Kobayashi returns to the historian, who shows him a scroll depicting how Kagutaba was first summoned, wherein dead baby monkeys were fed to a priestess medium. Ishii tried replicating this by feeding the stolen fetuses to Kana. Marika recovers, and Hori is placed in a mental institution. He escapes, but his dead body is found violently shoved into a duct three days after the fire at Kobayashi’s residence.
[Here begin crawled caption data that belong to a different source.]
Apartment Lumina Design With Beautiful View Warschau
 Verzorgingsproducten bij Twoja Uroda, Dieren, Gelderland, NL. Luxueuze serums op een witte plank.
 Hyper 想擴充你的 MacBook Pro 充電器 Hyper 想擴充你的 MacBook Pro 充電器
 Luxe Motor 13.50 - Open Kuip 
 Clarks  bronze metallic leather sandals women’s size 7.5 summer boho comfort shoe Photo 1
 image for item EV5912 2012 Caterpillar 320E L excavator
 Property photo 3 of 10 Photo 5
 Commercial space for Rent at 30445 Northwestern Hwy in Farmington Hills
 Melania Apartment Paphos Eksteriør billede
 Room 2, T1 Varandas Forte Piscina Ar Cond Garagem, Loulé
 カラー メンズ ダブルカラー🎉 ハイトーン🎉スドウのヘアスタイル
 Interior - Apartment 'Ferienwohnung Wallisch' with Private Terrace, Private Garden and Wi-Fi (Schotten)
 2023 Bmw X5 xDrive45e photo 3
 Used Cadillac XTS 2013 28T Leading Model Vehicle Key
After Kobayashi's disappearance, a package arrives at his publisher containing his video camera. The tape inside shows the events that led to the destruction of Kobayashi's house: a crazed Hori arrives at the house, saying the boy is possessed by Kagutaba, incapacitates Kobayashi, and bludgeons the child with a rock. The bloodied boy briefly takes on the appearance of Kagutaba, and a ghostly Kana appears in the corner. Hori leaves with the boy and Keiko becomes possessed, pouring gasoline on herself and setting herself alight. As the house burns and Kobayashi struggles to get to his feet, the film abruptly ends. A postscript reveals that Kobayashi is still missing.

==Release==
The film was released in Japan in 2005. "Noroi: The Curse" (2005) experienced a minimal theatrical release and reportedly generated approximately $7,400 at the global box office, primarily from international markets. With an estimated production budget of $2 million, the film was a financial failure. Nonetheless, it has since attained cult classic status, recognised for its effective implementation of found-footage horror, rather than for its financial performance.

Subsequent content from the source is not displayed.